Photocoupler interface

Question

I found a CNA1011K photocoupler laying around and I wish to try it out. Could someone explain what the parameters from the datasheet mean and how to use them for particular circuit parameters?

1. LED maximum current If: 50mA - that's understood. How about the voltage across it? Standard LEDs have nominal voltage and current ratings, but not this one.

2. Reverse voltage and current: why should I care about them?

3. Forward voltage: @ If= 50mA is 1.2V. How do I ensure a 50mA current? If I use a 50Ohm resistor, as in the circuit diagram, the current will be 24mA, right?

4. Is it better to alter the light intensity by increasing the voltage or the current through the LED?

5. How do I know what base current range I can generate with LED? How to choose the RL value based on an arbitrary Vcc voltage, what is the Vcc range?

Answer 1

The forward current is the absolute maximum rating. Just about any current will suffice to power the LED. Minimize the current for your application, generally 5 to 10 mA is sufficient for firing the LED.

The reverse voltage should be limited to prevent damage to the device. Although I don't see any reverse protection in the symbol, just keep the maximum reverse voltage below what the manufacturer recommends.

You do not have to ensure 50mA forward current on the emitter, it's just an LED. The resistor is the same as in a normal LED, size it to provide your desired current flow with your desired supply voltage. The diagram on the data sheet doesn't say what the supply voltage is.

The only thing that can change the emitter intensity is current through it. The current through it depends on the supply voltage and the series resistor (or other current limiting means). Why would you want to change the intensity anyway? That device is a simple optocoupler. It is meant to switch on and off, not convey an analog signal. Actually from the packaging of that device, it is most likely meant to be used with an encoder wheel with gaps to alternately pass and interrupt the emitter light.

The maximum open collector voltage appears to be 30 VDC. Choose your load again, based on your collector supply to ensure reliable and clean switching of the output. Almost any value will work as long as you don't exceed the output transistors current rating of 20mA. The lower the load resistor however, the longer the output rise time will be.

Answer 2

1. The voltage across the LED will be less than 1.2V typically but it won't change much at any reasonable current. See this graph- at 5mA you have 1.1V and at 50mA 1.2V, typically.

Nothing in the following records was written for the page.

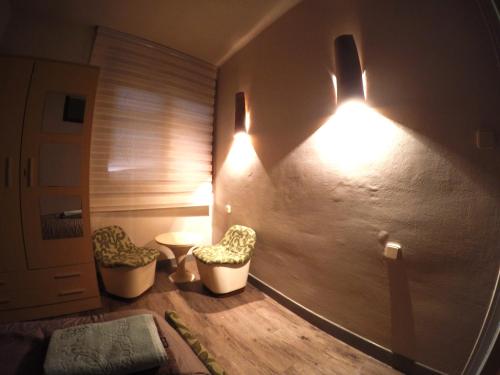 een kamer met 2 stoelen en verlichting aan de muur bij Casa Txep in Vilaller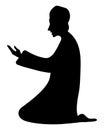 Praying man. Silhouette. A man in a Muslim long shirt and cap is kneeling and raising his palms up
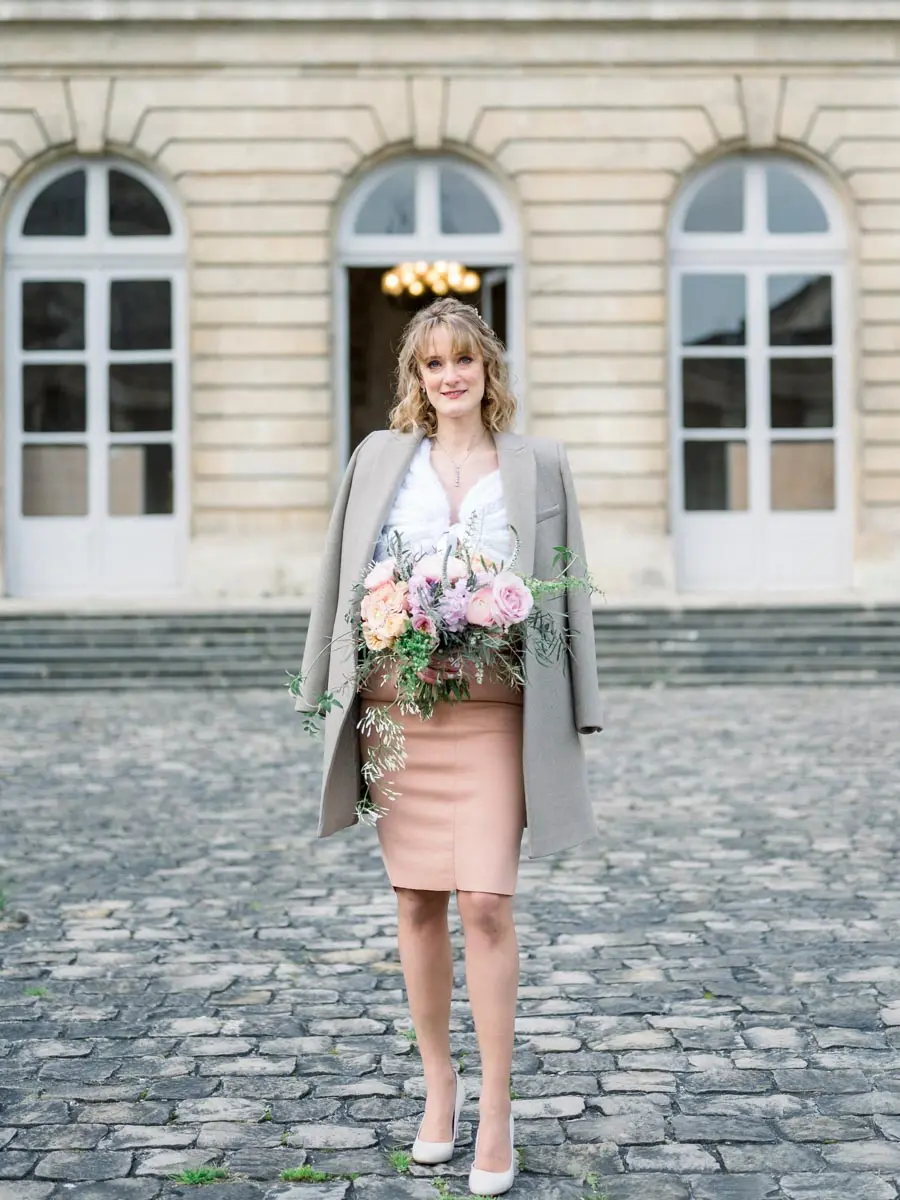 Marjorie in a grey coat and pink skirt holding her bouquet in the town hall courtyard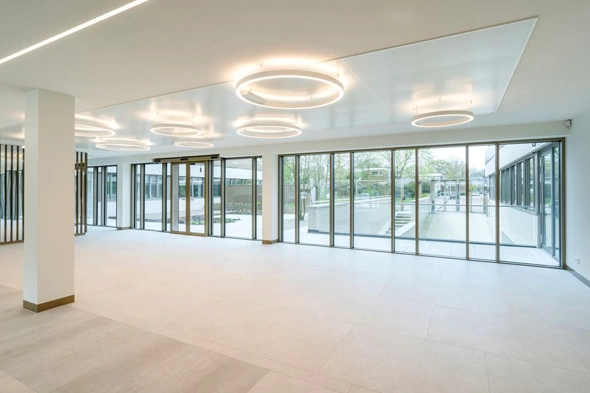 Moderne, lichte entreehal van een kantoorgebouw met grote ramen en ronde plafondverlichting aan Walborg.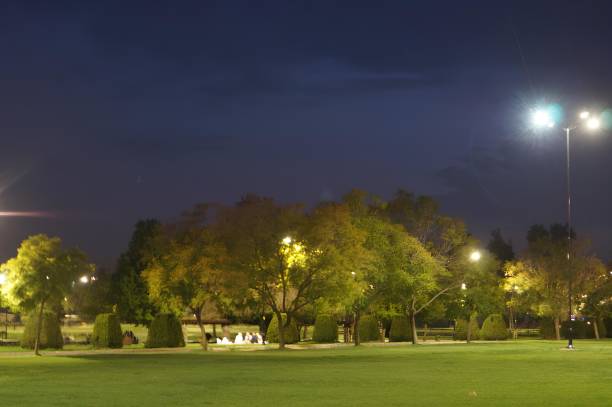 istock A park at night with a group of people sitting on benches 2099671794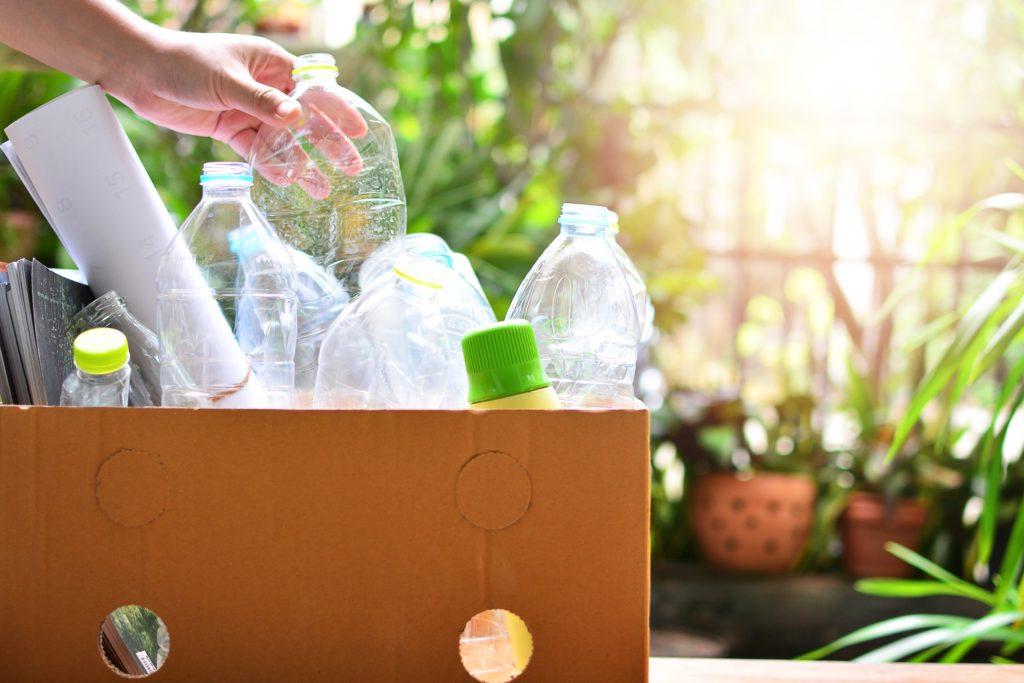 box of recyling and hand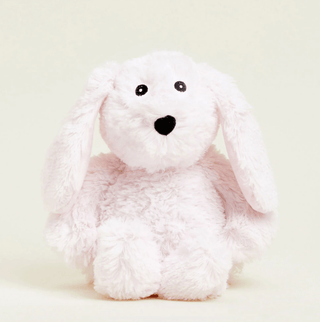 A plush pink bunny warmie with a soft texture.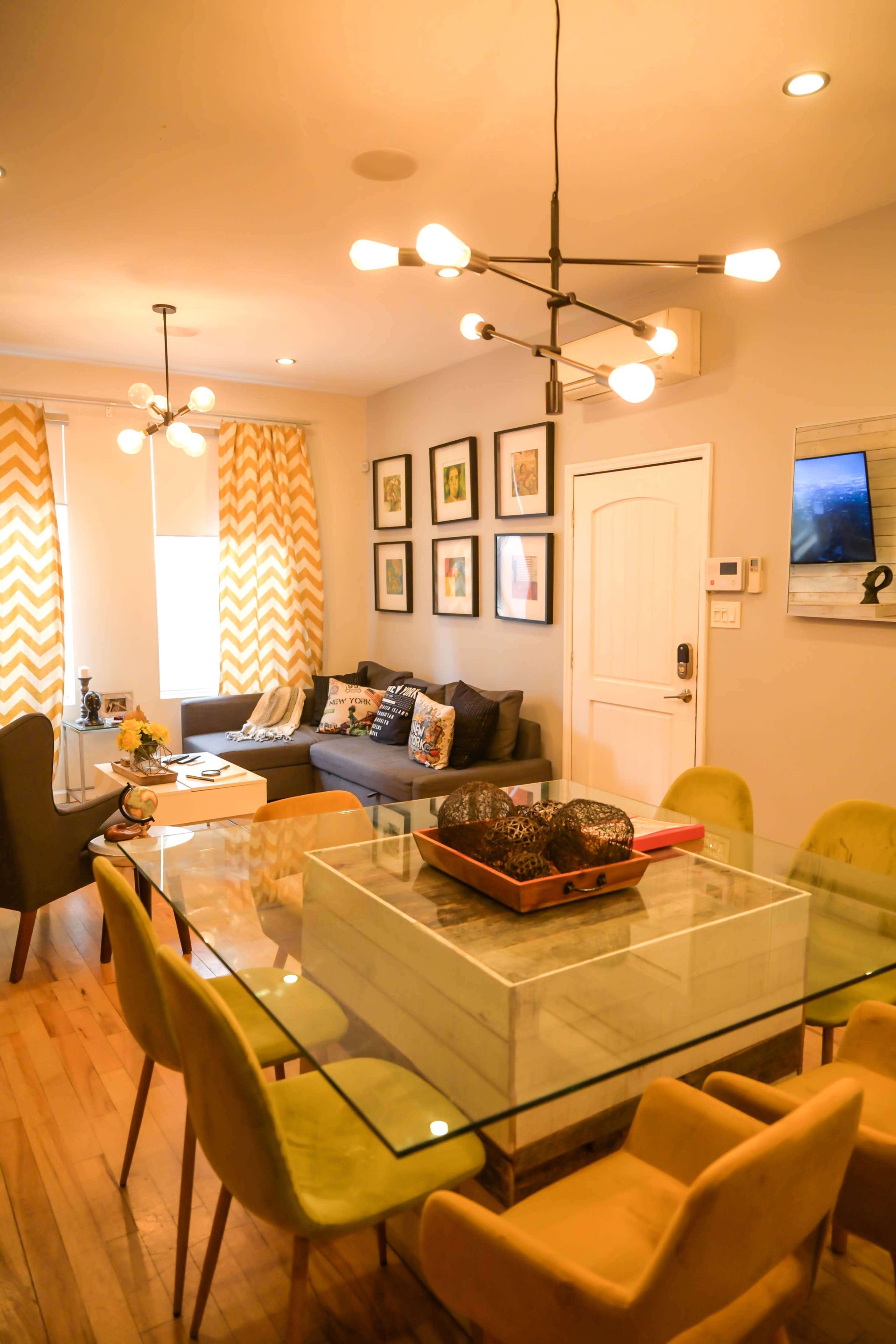 A modern living room and dining area with a glass dining table surrounded by upholstered chairs, a sectional sofa, framed artwork on the walls, and decorative lighting fixtures.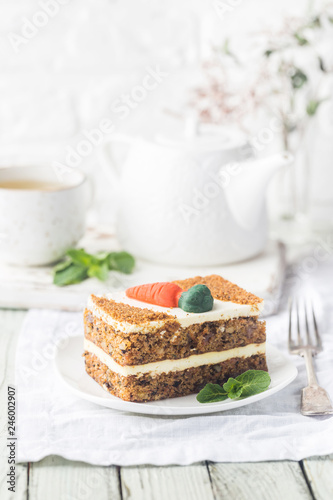 Slice of carrot cake with cream cheese frosting on wooden table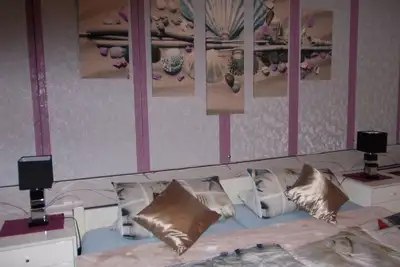 Image de Vacances en mer du Nord dans un grand confort appartement balcon chaise de plage jardin barbecue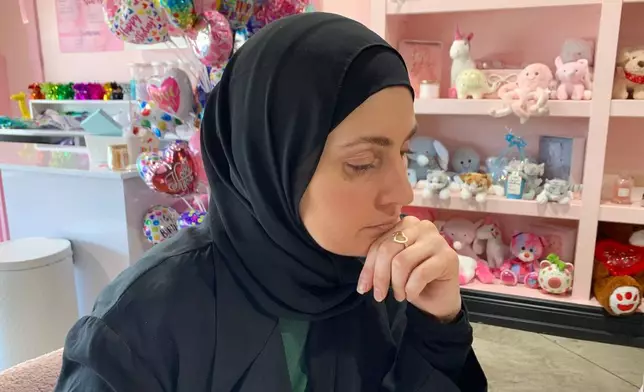 Maya Attoui discusses plans for a fundraiser while seated at a coffee shop on May 29, 2026, in Dearborn, Mich. (AP Photo/Mike Householder)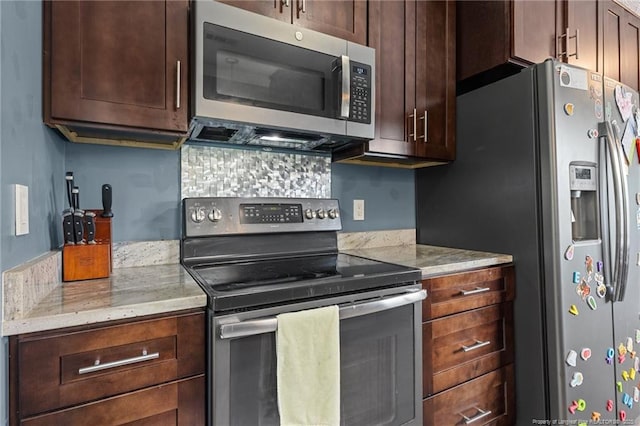 5712 Icarus Cir, Fayetteville, NC 28304 - kitchen with appliances with stainless steel finishes, light stone countertops, and dark brown cabinetry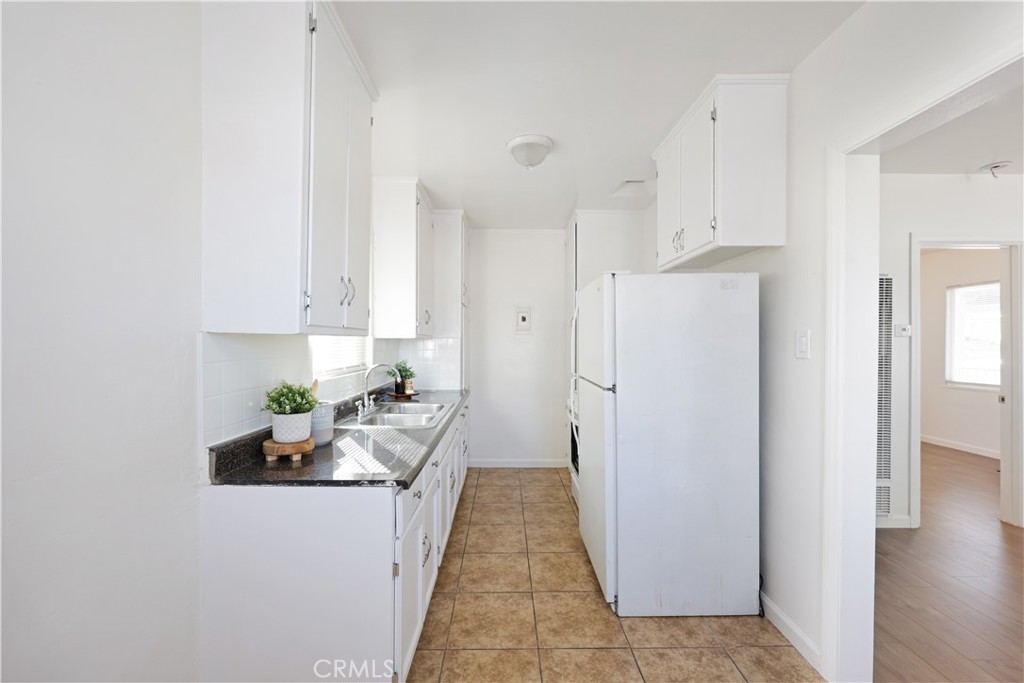 2770 Marengo Street Los Angeles, CA 90033 - Photo 5 of 9 a kitchen with white cabinets and stainless steel appliances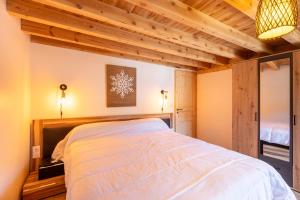 una camera da letto con un letto grande in una stanza con soffitti in legno di Cal Bénétou - Belle Maison pour 12, vue montagne a Les Angles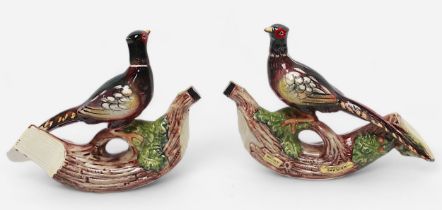 Two ceramic liqueur decanters made and bottled by Garnier, both modelled as pheasants perched on a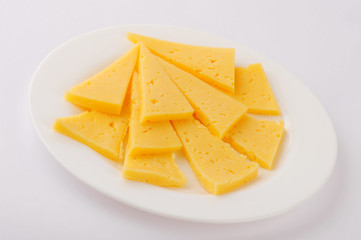Cheese slice isolated on gray background cutout on a plate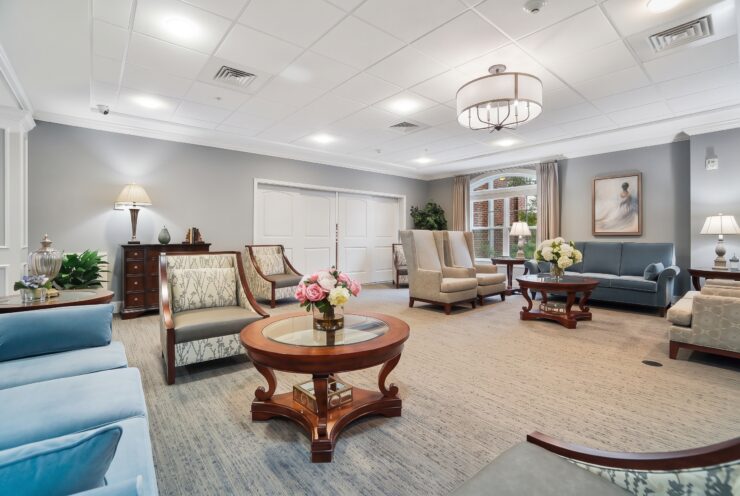 Spacious lounge with comfortable seating, soft lighting, and floral accents fostering a welcoming community.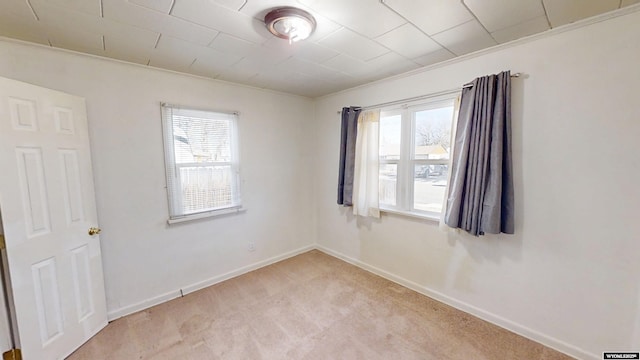 spare room with light carpet and baseboards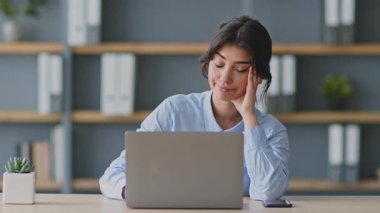 Genç bir kadın evinden aldığı online ders sırasında dizüstü bilgisayarına odaklanıyor. Eğitmen ya da öğretmen gibi görünüyor, uzaktan eğitim sağlamakla meşgul..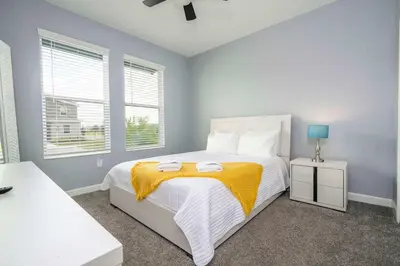 a bedroom with a bed with a yellow blanket on it at Luxury 6BR Resort Home - Pool, Hot Tub & BBQ - Near Disney! in Kissimmee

Different units will tend to have somewhat different forward voltages, and the voltage will change with temperature.

2. You don't need to care about reverse voltage and leakage current unless you are going to apply a reverse voltage.

3. Forward voltage is typically as the above graph. You should not attempt to get 50mA- that's the maximum. Something more like 10-15mA will give you longer life. At 10mA, the forward voltage is a bit less than 1.2V, so if you have a 5V source, the resistance could be 380\$\Omega\$ (maybe a standard value of 360 or 390 ohms could be used).

4. You need to limit the current through the LED with a resistor or a current source- feeding an LED with a 'stiff' voltage source will likely lead to tears.

5. If you look at the coupled characteristics here:

You can see that at 10mA you'll typically see maybe 250uA of collector current. You should add quite a bit of margin to that because of variations with time and LED aging, so maybe you can count on 100uA of collector current. Your comments indicate that you want 5mA collector current- that's not really feasible reliably with this opto.